第22話 sideユリアーナ
「俺を見捨てないでくれええええええええええええ」
そう私のドレスの足元へ縋りつき泣き喚く
本当に幼い頃より何時も何かをやらかした際は私の足元へと縋りつく。
いえ最初は同じくらいの背丈でしたもの。
なので抱き着いて泣いていた……でしたわね。
そうして年を重ねお互いが成長していく間に抱き着いていた場所が徐々に下へ、ええ肩から腰へ、腰より足元へと変わったのは本当に何時の頃だったのかしら。
あら嫌ですわ。
この表現ですとまるで私が大女になったみたい。
私は至って普通の女性の平均的な背丈でしてよ。
ただ旦那様の方が若干……まあ去年に測定した時は2mでしたかしら。
おほほ、なので必然的に抱きつく事が難しいと判断した旦那様がその様になってしまわれたのですわ。
はぁカミルは良くも悪くも大人しく真面目な性格。
優しくて素直……でも悪く言えば少々大人の男性としては頼りない。
何時も友人達からのお願いと言う無茶ぶりで自分勝手な望みをカミルへ一方的に押し付ければです。

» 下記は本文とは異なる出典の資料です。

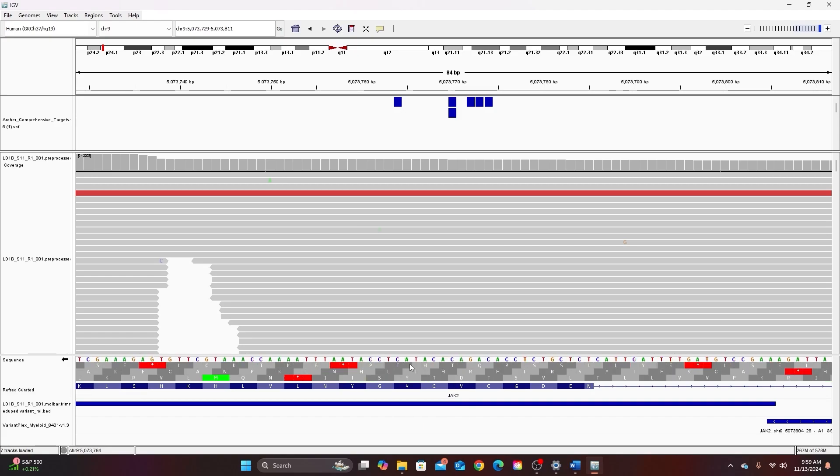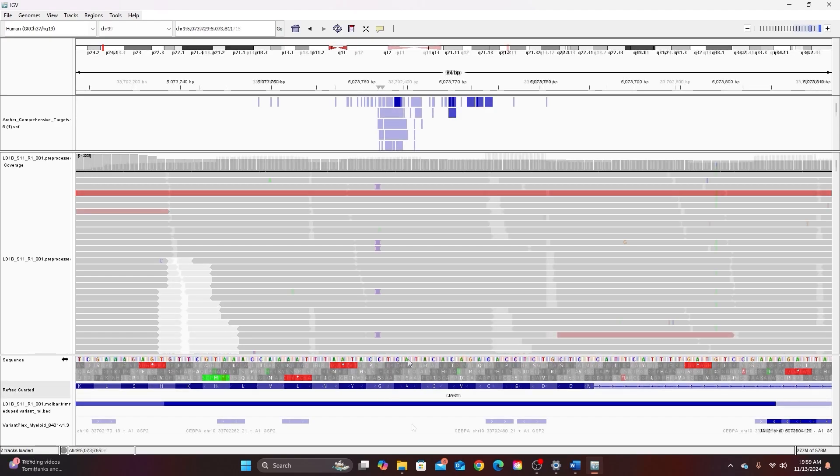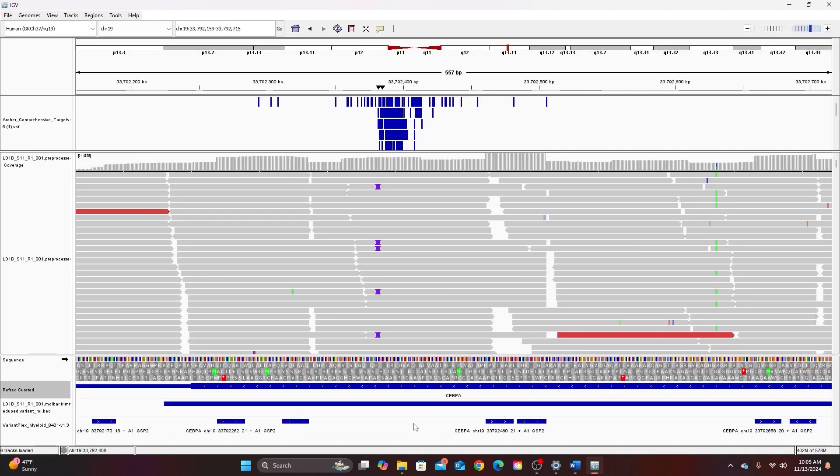This will give you the reverse complement of the sequence which is the minus or reverse strand. So now one of the three translation frames would match the reference. Because in this particular part of the genome the reference is the positive strand, I have created that mismatch by flipping. But if we go to another part of the genome you can see what I'm talking about.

彼はそんな友人達の望みを断り切れず何時も何だかんだと最後には受け入れておりましたわ。
勿論最終的にはカミル自身が対応出来ず幼馴染であり婚約者でもある私へと泣きついてきたのですけれど……。
私の家族……いえカミルの家族もそんな優柔不断で意志薄弱なカミルとは無理に結婚しなくともよいからと、何故か周囲からはカミルよりも優良物件な子息や王宮の、然も王族付きの女官や文官へと何度も推薦してくれましたの。

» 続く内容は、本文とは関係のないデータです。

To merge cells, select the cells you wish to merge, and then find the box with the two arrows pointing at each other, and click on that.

しかしその何れをも断り二ヶ月前にカミルと晴れて夫婦となったのは彼の、私への変わらぬ一途な想い……なのでしょうね。
若しくはお馬鹿な子程可愛い……いえこの場合は夫ですわね。
まあ私は事務的な仕事が比較的得意分野でもありましたし、カミルのやらかした後始末も退屈な人生においてちょっとしたエッセンスかとも思い至りましたのよ。
それに必要とするよりも必要とされる方が何かと上手くいくものですしね。
ともあれ最終的には私自身カミルの事が放っておけないのと同じくらい愛していたのでしょう。
ただ今回ばかりは少々頭が痛いですわね。
カミルの悪友……もとい糞で屑男の代表格でもありさる侯爵家のしがない三男のエグモンド様。
学生時代より何かとカミルへ無理難題を押し付けて来られた内のお一人。
私自身エグモンド様に対していい印象はこれっぽっちもありません。
はっきりと申しまして何時の日か折りを見計らえばです。
どの様に料理してやろうかと虎視眈々に狙い澄ましておりましたの。
ほほ、それは当然でしょう。
何が悲しくて夫が私へ縋りつく……いえ抱き着く位置が腰ではなく足元限定になったのか。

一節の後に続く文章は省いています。